Rusça ifadeTercümeTelaffuz
0 hükümsüzsıfır
1 ains (ayn)ains (ayn)
2 tswei (tsvo)tswei (tsvo)
3 dreisürmek
4 daha kötüköknar
5 eğlencefünf
6 saniyelerzex
7 siebenziben
8 ahah
9 neunhayır
10 zehnfiyat
11 elfelf
12 zwoelfzwölf
13 Dreizehnkurutulmuş
14 vierzehnateşlenmiş
15 fuenfzehnfyunftsen
16 sechzehnzekhtseng
17 siebzehnziptsen
18 achtzehnAhzen
19 Neunzehnneunzen
20 zwanzigtsvantsikh
21 einundzwanzigTsvantsikh değil
22 zweiundzwanzigtsvay-unt-tsvantsih
30 dreissigDraisikh
40 Vierzigfirsikh
50 fuenfzigfunftsikh
60 sechzigzekhtsih
70 Siebzigziptsikh
80 achtzigMükemmel
90 Neunzignoincikh
100 HundertHundert
101 hunderteinsavcılar
110 Hundertzehnhundert-tsen
200 zweihundertzwei-hundert
258 zweihundertachtundfunfzigzwei-hundert-acht-unt-fünftzich
300 dreihundertkuru avcılık
400 Vierhundertköknar avcısı
500 eğlence avcısıFünf-Hundert
600 sechshundertzex-hundert
800 gök gürültüsüaht-hundert
900 Nunhundertnoin-hundert
1000 tausendBin
1,000,000 bir milyonbir milyon
10,000,000 zehn milyonenTsen Milyonen

Dükkanda

Rusça ifadeTercümeTelaffuz
Değişiklik yanlışDer Rest stimmt nicht ganzDar rest stimmt niht ganz
Benzer bir şeyiniz var mı, sadece daha büyük (daha küçük)?Haben Sie etwas Anliches, aber ein wenig grosser (kleiner)?Haben zi etvas abe ein wenig grösser'i (kleiner) zenginleştiriyor mu?
Bana uyarGeçmiş dünyaDas yapıştır mir
Bu benim için çok büyükDas ist mir zu brütDas ist mir zu gros
Bu benim için yeterli değilDas ist mir zu engDas ist mir tsu eng
Bir boyuta ihtiyacım varIch brauche Grosse…Ah, çok büyük...
Benim bedenim 44Meine Grose 44 yaşındaMaine Grösse daha iyi ve Vierzich
Soyunma odası nerede bulunur?Anprobekabin ne olacak?Bir sonda dolabı mı var?
Bunu deneyebilir miyim?Bir sorun mu var?Bu bir sorun olabilir mi?
SatışAusverkaufAusferkauf
Çok pahalıBu senin içinEs ist zu toyer
Lütfen fiyatı yazınızŞunu da unutmayın: FiyatlarSchreiben ze bitte dan fiyatı
Onu alacağımIch nehme esIh neme es
Fiyatı ne kadar?Es (das) mıydı?Neye mal oldun?
Onu bana ver lütfenGeben Sie mir bitte dasGeben zi mir bitte das
Ben istiyorum…Ben böyle...Eh zuhe...
Lütfen bana bunu gösterŞunu da unutmayın:Tsaygen zi dünya bitte das
Ben sadece bakıyorumIch schaue nurIkh shaue nur

Turizm

Selamlar - Almanlar çok dost canlısı ve misafirperver insanlardır ve bu nedenle Almanya'da yaşayanları nasıl selamlayacağınızı da bilmeniz gerekir. İşte bunun için gerekli kelimeler.

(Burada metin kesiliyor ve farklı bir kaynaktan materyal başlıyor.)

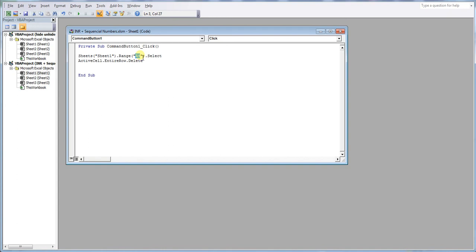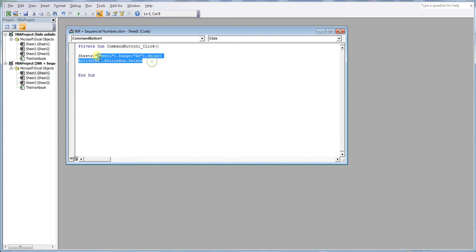Remember we said that we're deleting row 4. You can essentially select any range or any cell within the row you want to delete. Once that's selected from the active cell, we then pick the entire row and delete it.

Standart ifadeler, herhangi bir konuşmayı sürdürmek için kullanabileceğiniz yaygın kelimelerdir.

İstasyon - İstasyondaki işaretler ve işaretler kafanızı karıştırdıysa veya tuvaletin, büfenin nerede olduğunu bilmiyorsanız veya bir platforma ihtiyacınız varsa, bu konuda ihtiyacınız olan soruyu bulun ve yoldan geçen birine nasıl gideceğinizi sorun. şu ya da bu yere.

Şehirde yönlendirme - Almanya'nın büyük şehirlerinde kaybolmamak için, yoldan geçenlerden doğru yöne gidip gitmediğinizi vb. öğrenmek için bu konuyu kullanın.

Ulaşım – ücretin ne kadar olduğunu bilmiyorsanız veya otelinize veya turistik bir yere hangi otobüsün gideceğini öğrenmek istiyorsanız, bu konuyla ilgilendiğiniz soruları bulun ve yoldan geçen Almanlara sorun.

Otel – otelde konaklama sırasında sıklıkla kullanılan faydalı soru ve ifadelerden oluşan geniş bir liste.

Halka açık yerler - ilgilendiğiniz nesnenin veya halka açık yerin nerede olduğunu açıklığa kavuşturmak için bu konuda uygun bir soru bulun ve yoldan geçen herkese sorun. Anlaşılacağınızdan emin olabilirsiniz.

Acil durumlar - Sakin ve ölçülü Almanya'da başınıza bir şey gelmesi pek olası değildir, ancak böyle bir konu asla gereksiz olmayacaktır. Burada, ambulansı veya polisi aramanıza veya başkalarına kendinizi iyi hissetmediğinizi bildirmenize yardımcı olacak soru ve kelimelerin bir listesi bulunmaktadır.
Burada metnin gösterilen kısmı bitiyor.